The first and largest traditional Hindu temple in Europe, the Swaminarayan temple in Neasden gets 700 school groups and more than 4,00,000 worshippers and visitors each year.
The Gujarat Hindu Society temple and community centre in Preston in Lancashire hosts more than 100 visits from local scout and brownies groups, schools, universities and professional organisations. Over 2,000 children and adults come on organised visits from towns and cities across the northwest. Currently, temple visits are led by committee members, under the leadership of president Ishwar Tailor, who have become adept at hosting such events. An annual conference is organised at the community centre by the Standing Advisory Council for Religious Education team. Knowledgeable members and adherents of the Hindu faith are invited to inform children from local secondary schools about Hinduism. The temple in a statement said, “We feel it is our duty to share our Hindu faith and to complement the religious education syllabus.”
Faith in the UK is not confined to temples alone. Professionals have also formed a group that celebrates the essence of Hinduism within the city. “Hinduism and its values are imperative to second-generation Britons as it binds us to our roots, and helps us to navigate through the complexities of modern life,” said Neel Patani, president of City Hindus Network. Similarly, the armed forces have launched a Hindu wing that helps the soldiers to observe festivities like Raksha Bandhan and Diwali.
This year is special for the Hindus in Britain. They are eagerly waiting for two events. One, the International Day of Yoga at Trafalgar Square, organised by the High Commission of India in coordination with the India Tourism Office, and supported by the mayor and a number of yoga organisations. Two, a discourse by spiritual leader Morari Bapu at Wembley Arena in London. He would be interpreting the Ramayan, applying its ancient wisdom to modern-day living. Recently, Sadhguru Jaggi Vasudev visited the UK; he addressed hundreds of people and that brought him immense popularity, especially among the younger Britons.

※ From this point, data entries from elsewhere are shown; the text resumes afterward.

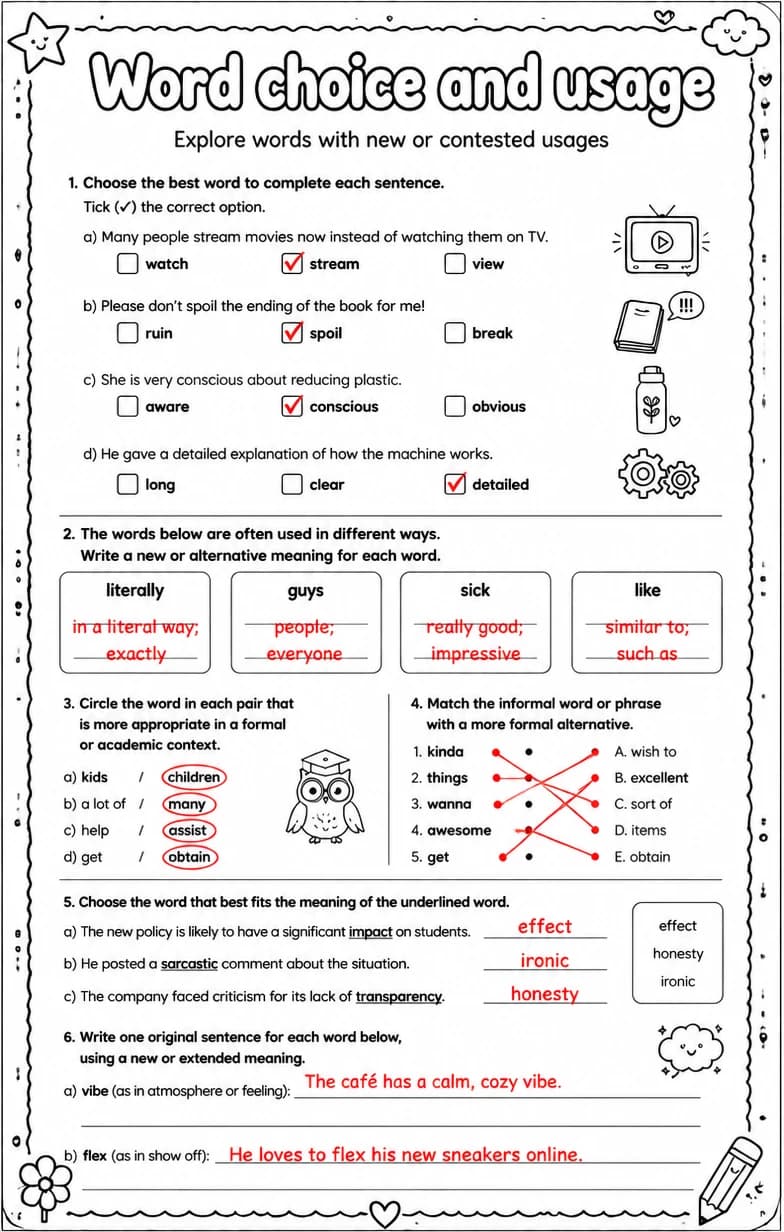 Answer key for Explore words with new or contested usages — free printable English & Reading worksheet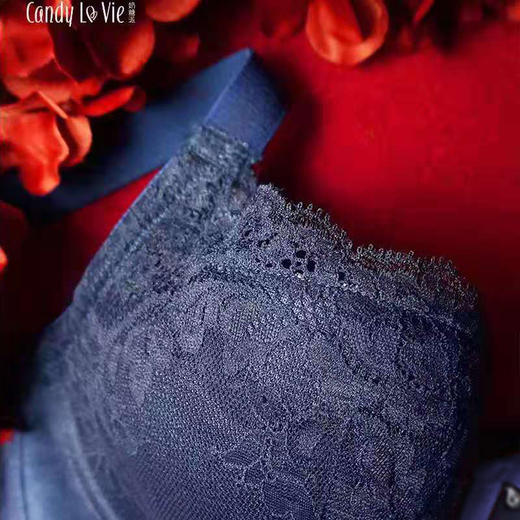 奶糖派大罩杯薄款蕾丝秋冬上托包容侧收邂逅2午夜蓝大胸少女内衣圆盘半球木瓜 商品图3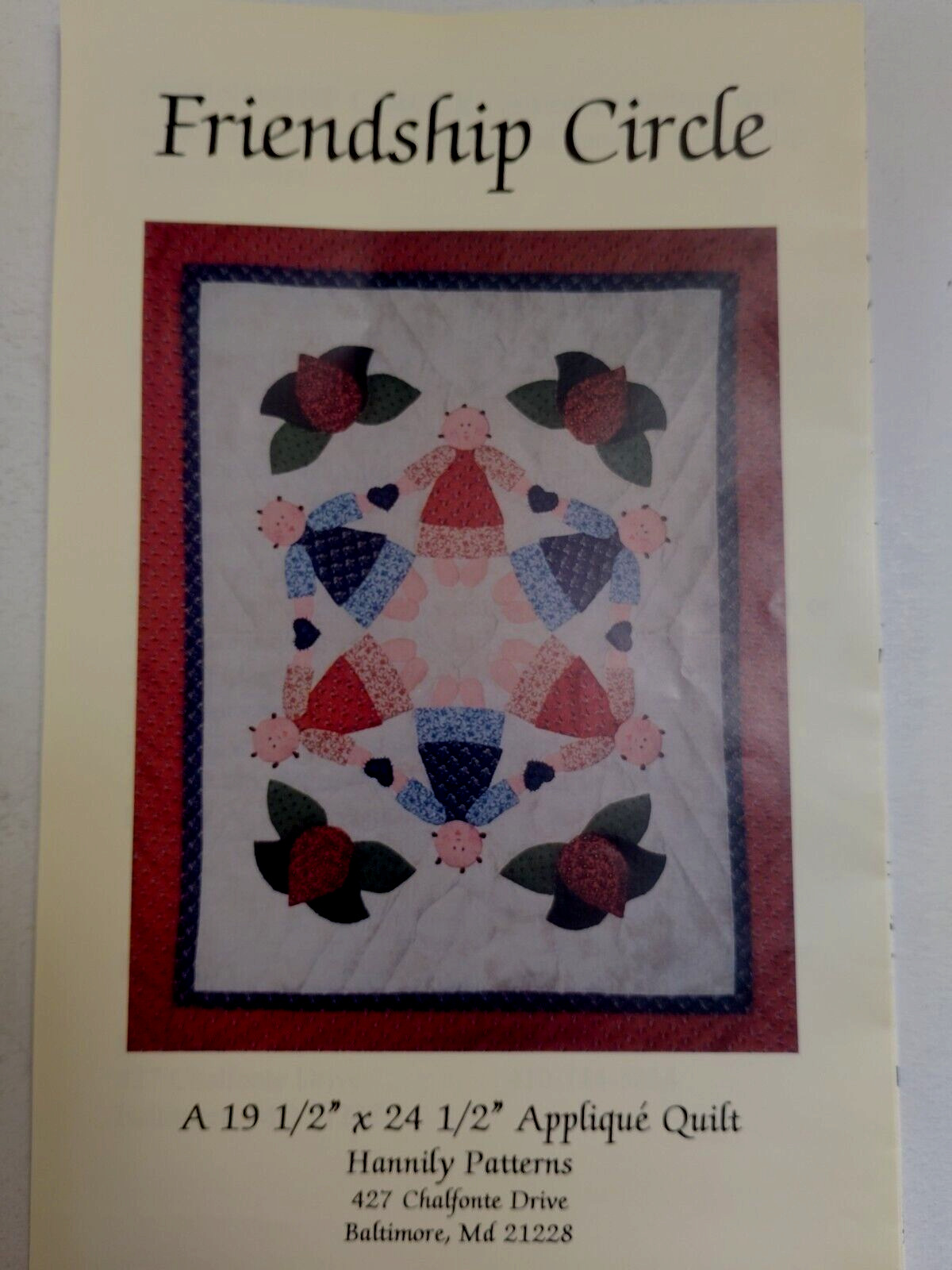 Applique Quilt 19x24 Friendship Circle HP125 Craft Sewing Hannily Patterns Small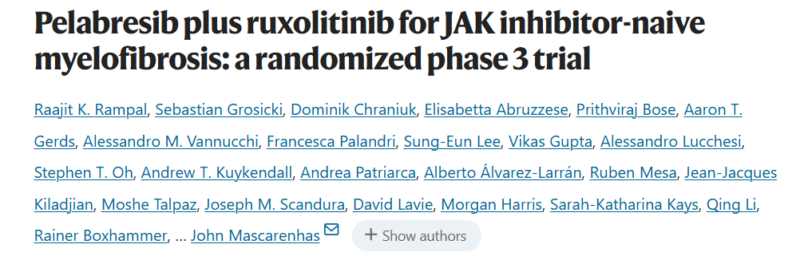 Raajit Rampal: Pelabresib plus ruxolitinib for JAK inhibitor-naive myelofibrosis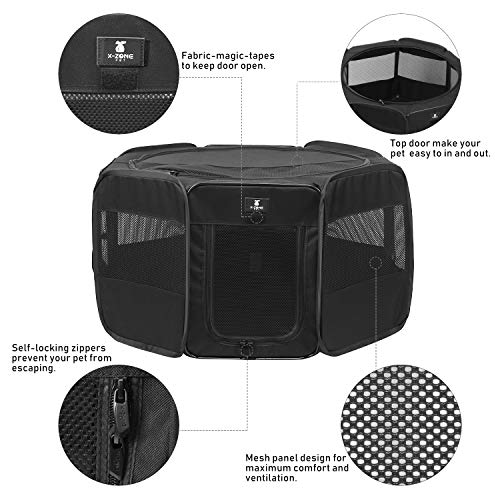 XZONE PET Portable Foldable Pet Dog Cat Playpen Crates Kennel/Premium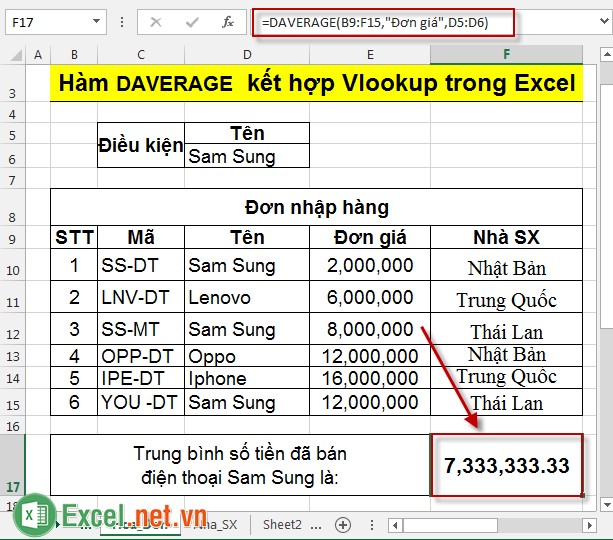 Hàm DAVERAGE kết hợp Vlookup trong Excel 3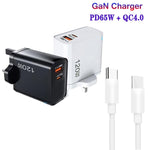 Caricabatterie USB TE-PD65 GaN PD 65W + QC4.0 con cavo dati da Type-C a Type-C, spina UK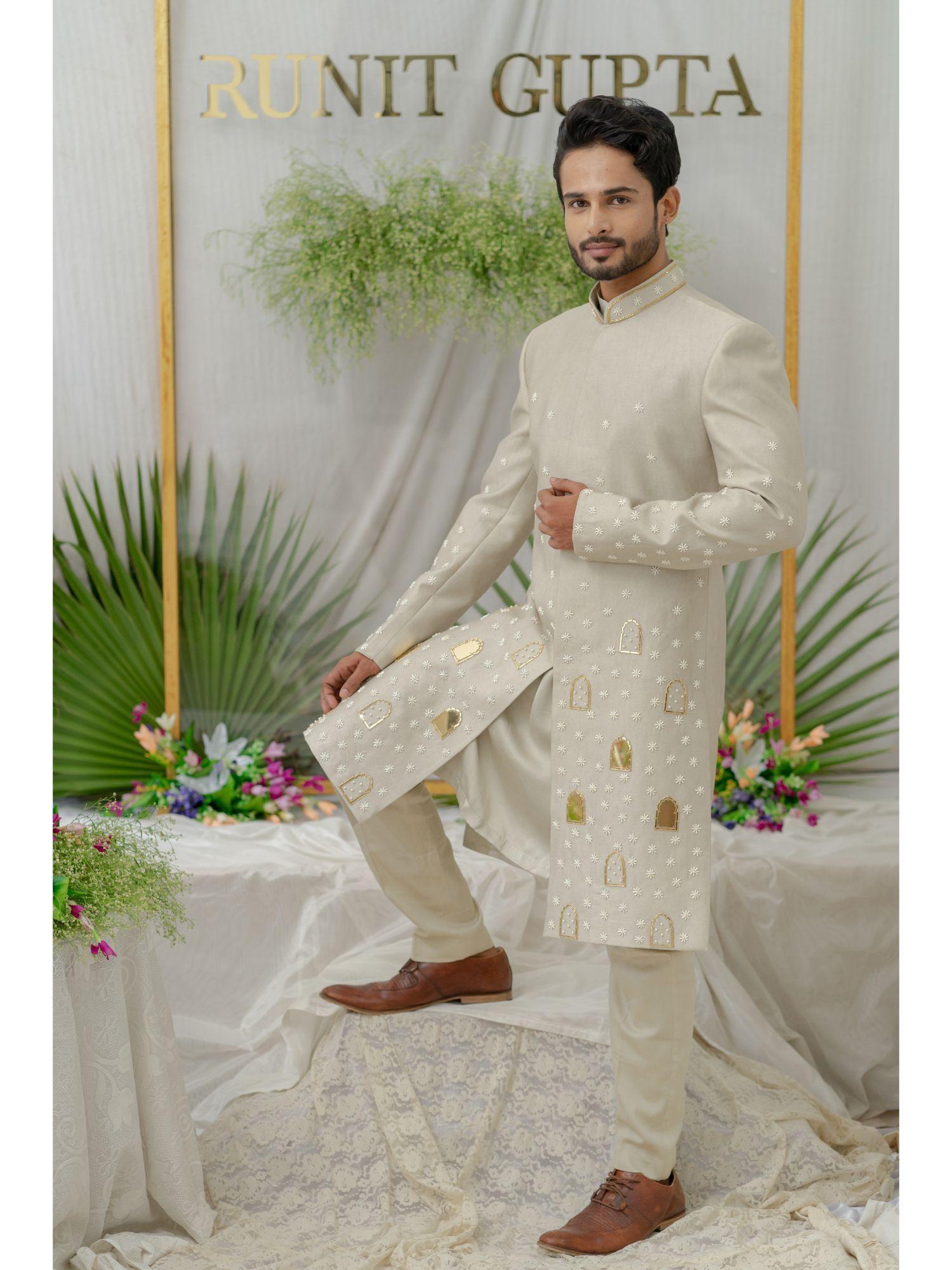 raag grey embroidered sherwani kurta with pyjama (set of 3)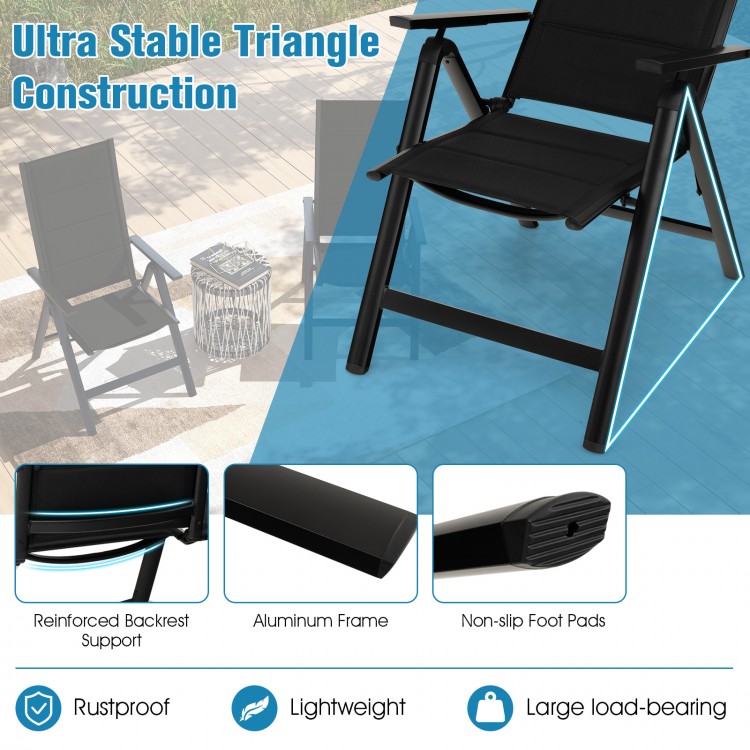 Black outdoor dining chair featuring a soft padded seat, adjustable backrest, and stable aluminum frame for durability.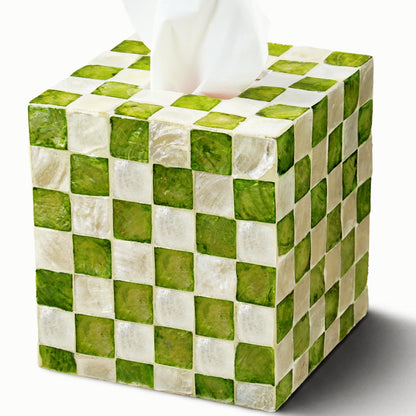 5.7" Square Tissue Box Cover for Kleenex and More, Handmade Green & White Checkered Capiz Shell Tissue Holder, Decorative Cube Tissue Box Cover for Bathroom, Living Room, Bedroom or Office (Natural)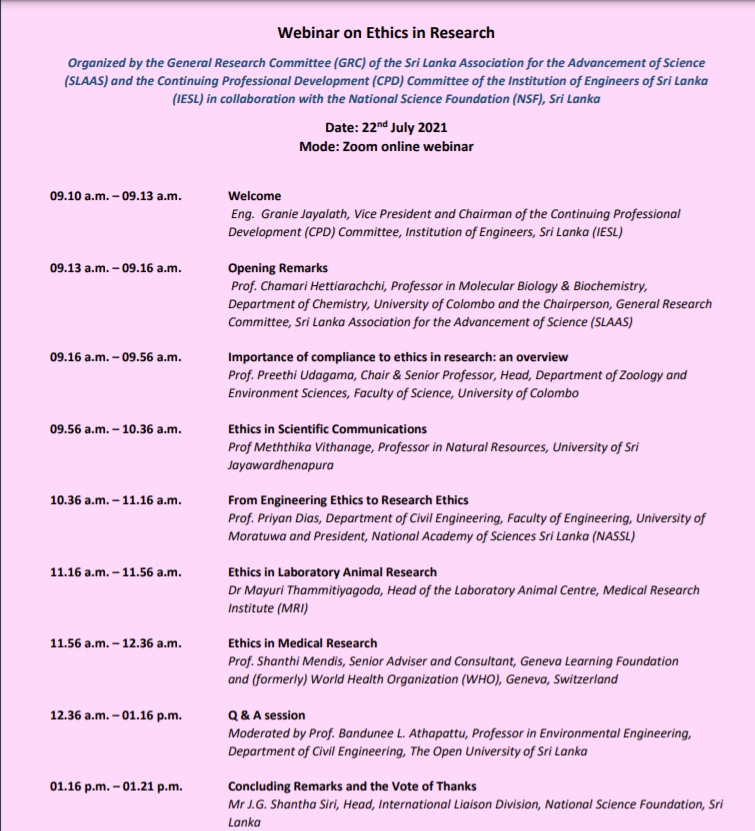 Webinar on 'Ethics in Research' 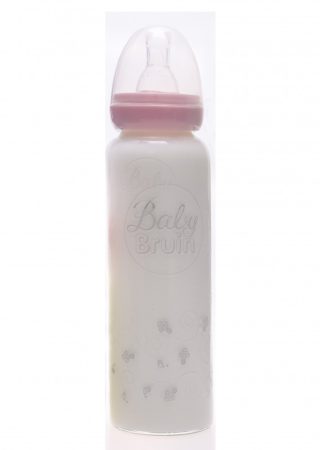 55042726 BabyBruin® hőálló üveg cumisüveg 240ml szilikon etetőcumival, cseppmentes kupakkal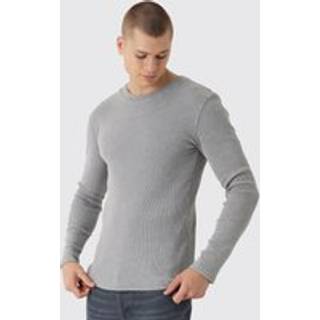 Mens Charcoal Muscle Long Sleeve Acid Wash Rib Sweatshirt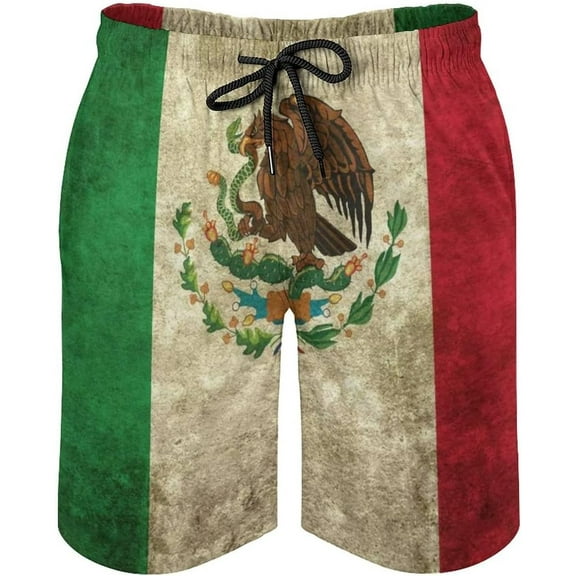 Men's Mexican Flag Board Shorts Summer Quick Dry Swim Trunks Swimwear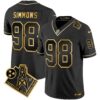 Titans 1997 Throwback Gold Vapor Jersey – All Stitched – Black Gold – Jeffery Simmons Jersey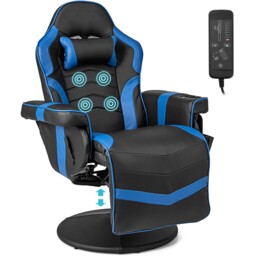 Massage Gaming Chair Height Adjustable Swivel Racing Video Gaming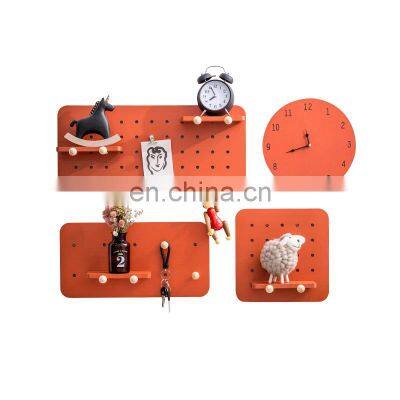 Wood Peg Board  custom wooden  pegboard display with Hole shelf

Alice Green regularly does yoga and feels it is not just an expression of a particular religion. “I think yoga is more than Hinduism. It is a good way to stay fit as well as be in touch with your inner soul,” she says. “There are so many kinds of yoga. There is suspension yoga and hot yoga. A lot of it is about your inner peace and spiritual wellbeing and how you attain it. And if that is part of Hinduism, maybe I am a proud Hindu, too.”